This work contains examples of:

  • Abusive Parents: Both Theo's and Boris' fathers are abusive. Theo's lies and tries to steal his money, while Boris' simply beats him.
  • Adapted Out: Most characters in the novel show up at some point in the film, but not the female friends that Boris and Theo make in high school. Hobie's friends are also sacrificed, so the film never addresses Hobie's ambiguous sexuality.
  • The Alcoholic: Both Theo's and Boris' fathers are alcoholics. Theo's quits hard liquor but still drinks beer, while Boris' father drinks so much vodka that he can't feel his feet.
  • All Girls Want Bad Boys: Discussed when Theo and Platt note how Kitsey is still close with Tom, the asshole Theo knew in school. When Theo confronts her about it, Kitsey admits that she's in love with "the wrong person."
  • Ambiguously Bi: Similar to the novel, Boris shows overt interest in women and is hinted, but never confirmed, to be attracted to Theo. He sleeps beside Theo after a bender, comforts him in his arms when he has a nightmare, and kisses him goodbye on the mouth when Theo leaves town.
  • Anachronic Order: Unlike the novel, the film jumps back and forth between multiple time periods, alternating between Theo’s life before the explosion, after it, and as an adult.

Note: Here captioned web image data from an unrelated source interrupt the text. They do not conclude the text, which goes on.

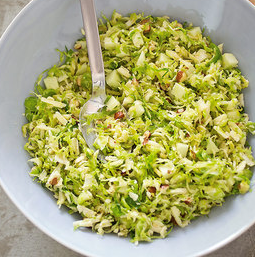 Brussels sprout salad with cheddar, hazelnuts, and apple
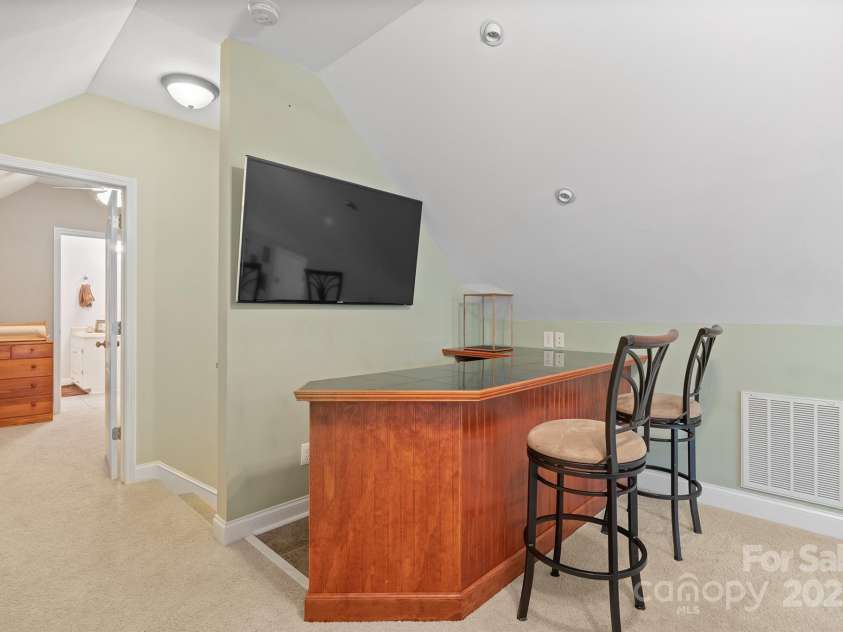524 Lawyers Road, Indian Trail, NC 28079.  MLS# CAR4285960, YatesRealty ID 35442. Upstairs Bonus Room with Bar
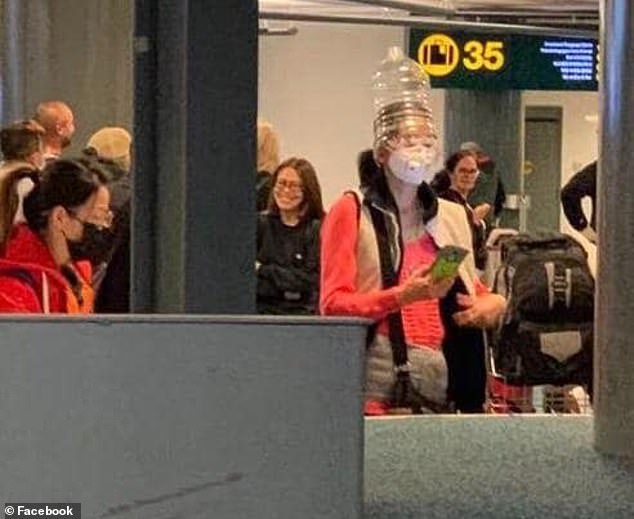 Other photographs at Vancouver airport show a woman with a plastic water container over her head
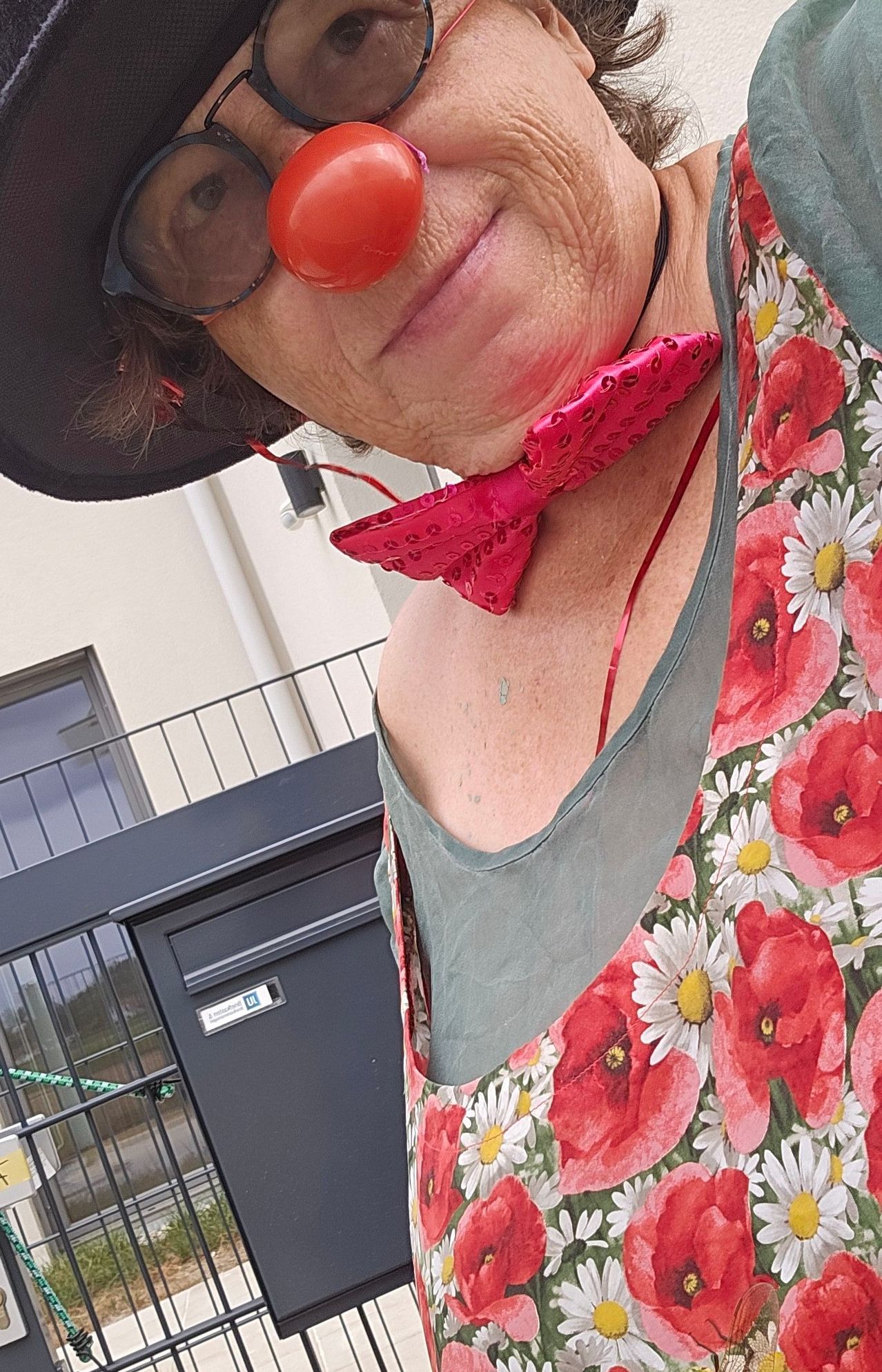 Eine Frau trägt ein Blumenkleid mit roten Mohnblumen und eine rosa Fliege um den Hals, vor einem Gebäude mit einem Briefkasten stehend.
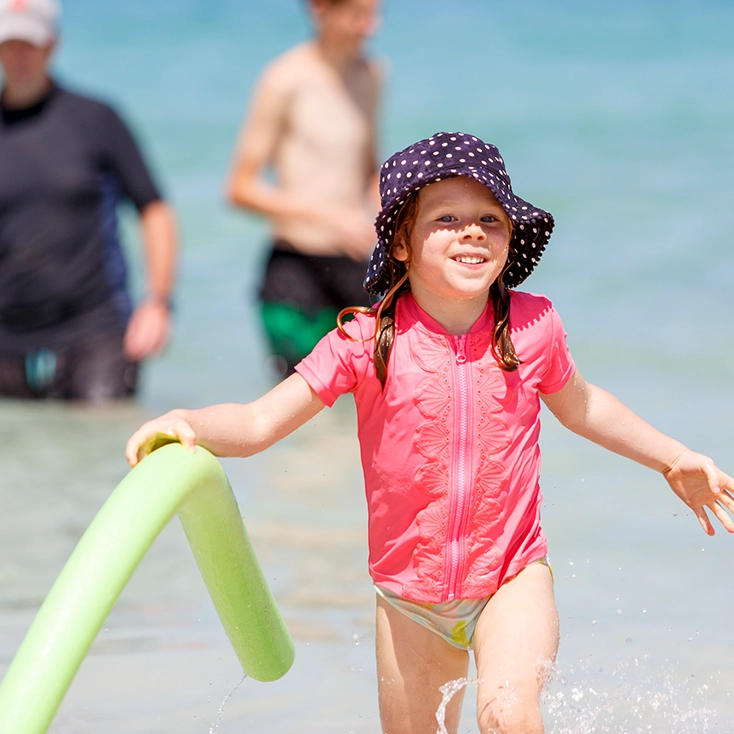 A young child in a sun hat at a SurfBabies session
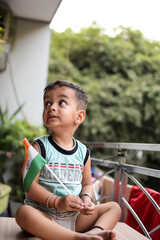 Cute Indian boy holding Indian National Flag in his hangs at home balcony. Bright portrait of happy child sitting on the table with national flag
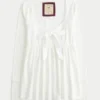Lansare Holiday Vault Top babydoll din tricot cu satin și legătură în față Lansare Holiday Vault Top babydoll din tricot cu satin și legătură în față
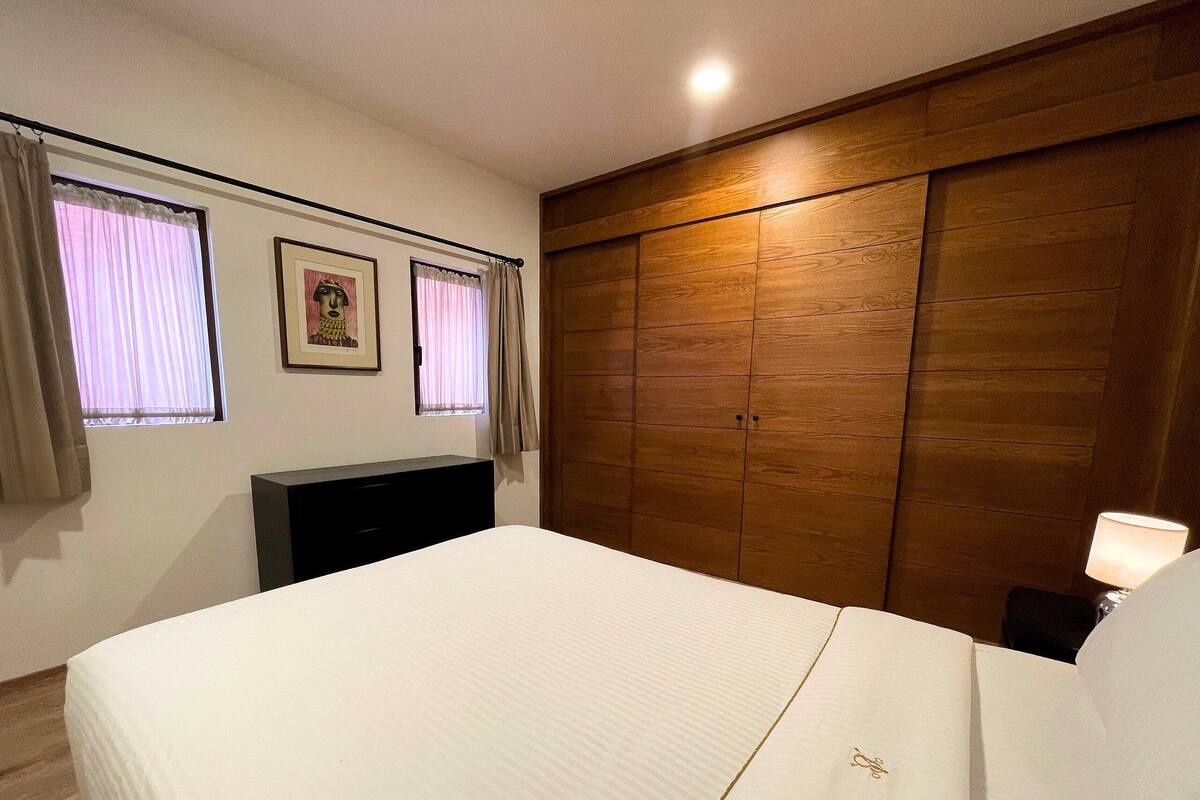 A bedroom with a bed, a wooden wardrobe, a TV, and two windows with curtains.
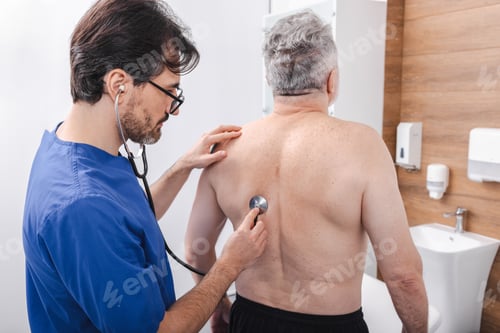 Doctor Examines Senior Man with Stethoscope
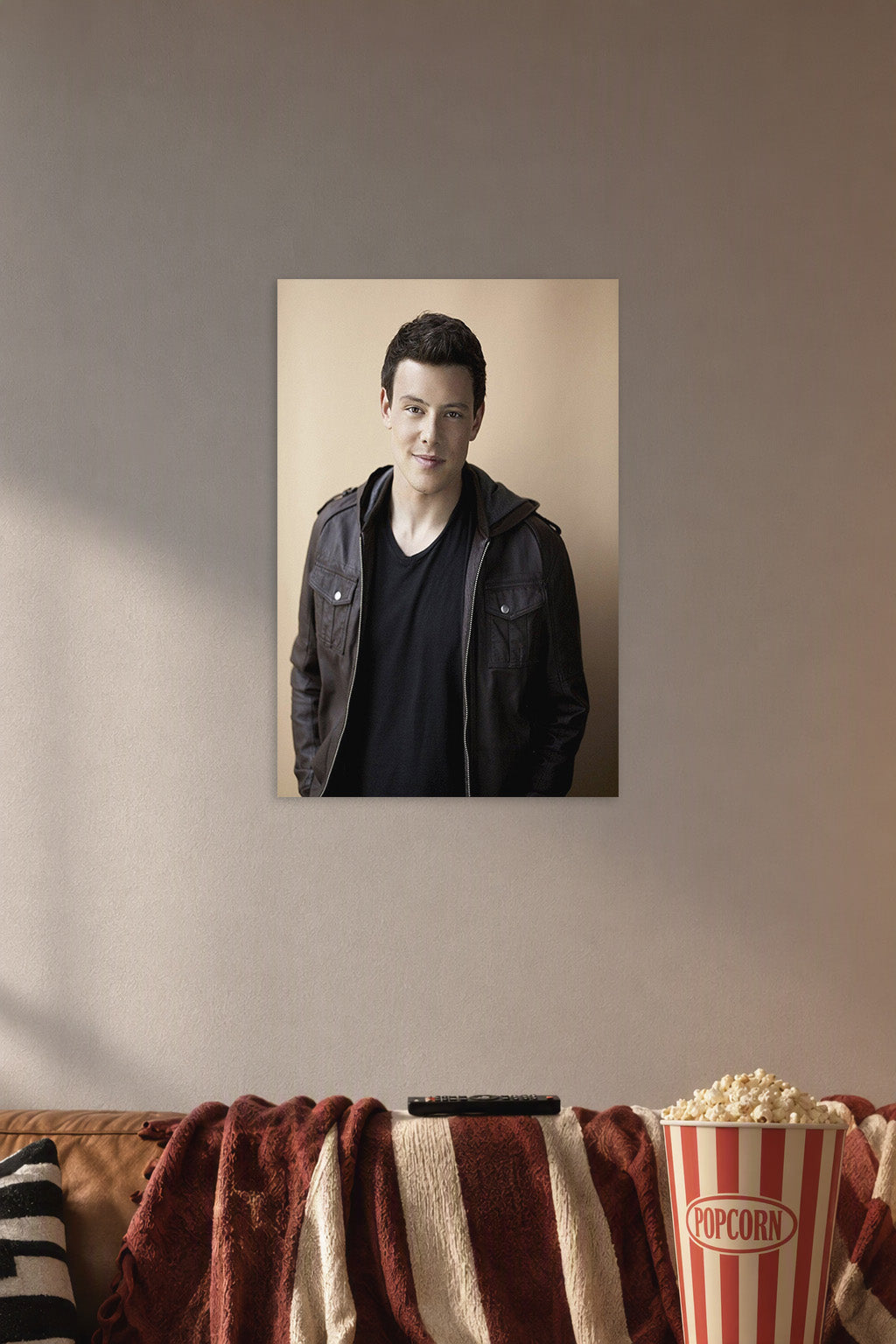 Cory Monteith in a cozy movie room above a brown sofa with popcorn.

  • Bittersweet Ending: Theo has finally been able to move on from his mother's death, The Goldfinch is no longer on his conscience, a number of other classic paintings have been returned to their rightful place, and Hobie seems to have forgiven him. However, he's still not in love with his fiance, he's still on the hook for dozens of forgeries, and he's killed someone.
  • Color Motif: It’s subtle, but sharp-eyed audiences will notice that most of the film’s color palette is the same as the real painting The Goldfinch.
  • Drowning My Sorrows: Theo's father goes on a bender after being denied access to Theo's inheritance, which he apparently needed to pay off some severe debt. He crashes his car with a BAC of 0.39%.
  • Establishing Character Moment: Boris is the only student in his English class who relates to Thoreau's Walden, and mutters under his breath that a girl who bashes Thoreau's choice to distance himself from society is a "twat".
  • The Film of the Book: It's an adaptation of the original novel.
  • Financial Abuse: Attempted when Theo's The Gambling Addict father Larry demands that he call the lawyer overseeing the trust fund that his late mother left him and asking for $65,000. The lawyer not only reveals that his father has been trying to get access to the money, but fortunately, that his mother decreed that the money not only only be used for his education, but be paid to the school directly.
  • Foreshadowing
    • Andy says he hates sailing. He ultimately dies at sea.
    • Long before Theo's father ever shows up, Theo says that he once dismissed Edgar Allan Poe is "the Vincent Price of the written word." Theo and Hobie sneer at that assessment. Theo's father turns out to be a real dick.
    • A retroactive example: Chronologically, the last two paintings that Theo's mother talks about before she dies are The Anatomy Lesson, depicting the dissection of a cadaver, and a still life with a withered leaf, which she notes is a message that "nothing lasts forever."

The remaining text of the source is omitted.